Perle has been wrong about Saddam plenty of times in the past. Days after the USS Cole was bombed by al-Qaida forces in 2000, killing 17 U.S. sailors, Perle, conceding that he had no evidence to support the idea, told the Jerusalem Post that perhaps the Iraqi leader was behind the terrorist attack. (Perle serves on the newspaper's board of directors.)
Likewise, in a 1998 London Sunday Times Op-Ed, Perle complained that the Clinton administration did not vigorously investigate the bombing at the Khobar Towers in Saudi Arabia that killed 19 Americans in 1996. Why? Because, according to Perle, the evidence might have implicated Saddam. Perle also backs up the conspiracy theory advanced by author Laurie Mylroie that Saddam was behind the World Trade Center bombing of 1993 as well. To date, American investigators have not found any evidence that connects him to any of the three terrorist attacks.
Meanwhile, Perle was virtually mum about the threat posed by Osama bin Laden in those years. Despite his many public pleas to overthrow Saddam Hussein, Perle rarely mentioned bin Laden or al-Qaida, according to a Nexis database search covering the last 10 years.
"You will detect little concern about bin Laden before 9/11," says Pike. "The rollback crowd has now wrapped itself in the bloody flag and basically exploited Sept. 11 to advance a lifelong agenda and vision of America's role in the world. Sept. 11 presented a unique historical opportunity to enact that plan, because the subtext of this entire Iraq debate is, 'What is the hurry?' The hurry is, it's much easier to continue fighting a global war than to start one. If America's at peace, an unprovoked attack against the Butcher of Baghdad would be a tough sell."
And even after bin Laden was connected not only with 9/11 but with a string of well-documented terror attacks against America in previous years, Perle told MSNBC's Chris Matthews that Saddam should still be considered more dangerous to America because of what he may one day do.
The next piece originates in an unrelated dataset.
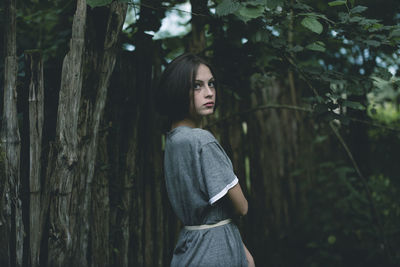 Portrait of woman standing in forest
Of course, Perle's many war plans fall apart under the weight of their inconsistencies. He's never adequately answered the question, for instance, as to what would keep Saddam Hussein, a "psychopathic" madman with weapons of mass destruction, from using those weapons if American troops and Iraqi rebels were storming Baghdad. Perle merely insists the Iraqi strongman wouldn't be able to find a single person in his entire army to carry out such an order -- amazing sang froid from someone who's normally so nervous about Saddam's strength.
And yet Pike thinks Perle is right about one thing: It may well be possible for U.S. forces to overthrow him and keep American causalities limited to the hundreds.
"That's what concerns me," he says. "Because then Perle and his crowd will say, 'That didn't hurt so much, let's blow up Iran and North Korea and Saudi Arabia.' And we'll spend the rest of the decade blowing up countries on a preemptive basis to make us safe."